Additional shoring beams will be added throughout the day, New York City Mayor Zohran Mamdani said, adding that there has been no additional movement of the structure since Tuesday morning.
Floors 17 and 24 are in progress, and shoring will be added all the way down to the ninth floor of the 37-floor building, the mayor said.
Was it just a verbal ok over the phone? I actually just watched a documentary on YouTube about that accident (Petter Hörnfeldt aka Mentour Pilot has a new channel where he analyzes non-aviation accidents). From that it sounds like the fabricator did send the shop drawings with the revised design back to the structural engineering firm for approval, but they pretty much just rubber stamped them without properly analyzing them.

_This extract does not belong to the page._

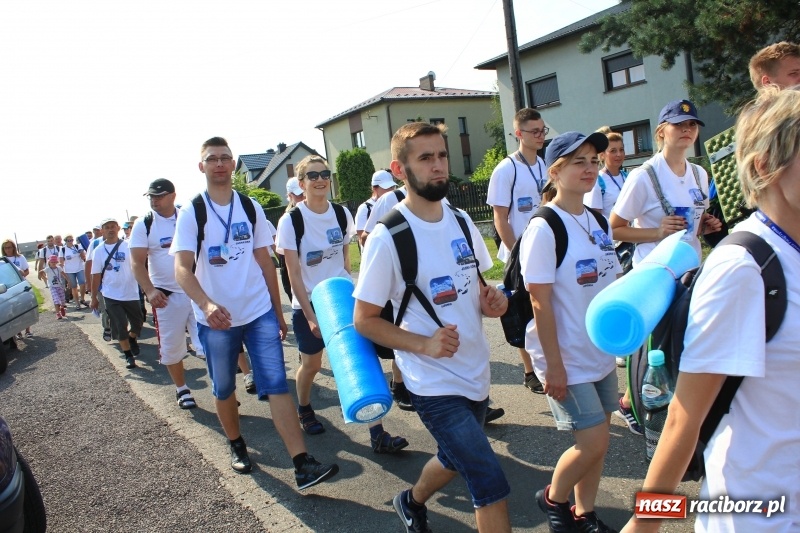 Zdjęcie w galerii na portalu naszraciborz.pl: 228 pielgrzymów wyruszyło dziś w drogę z Lubomi na Jasną Górę wiadomości z regionu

In my area, a newly-built office building was closed in 2020 after a sag was observed in the basement parking. They built a structure over it to hold it up while they repaired. But this was an 8-floor building in the middle of a field in a suburb, not a tower with setbacks in midtown Manhattan.
Actually, I got that detail from the linked Wikipedia article, not the book I mentioned. The Wikipedia article states that the engineer approved the changes over the phone without viewing any sketches. However, the article’s cited source simply states that the project engineer failed to do any calculations despite the design (both the original and the proposed revision) being repeatedly questioned by the fabricator and the builder.
I love Mentour Pilot’s videos about aviation accidents. I didn’t know he had one on this. I’ll have to check it out.
Looks like that ceiling beam / joist (and the entire building above it) needs to be jacked up about a foot. Meanwhile everything else around the buckled upright is supporting unplanned unanalyzed randomly varying loads.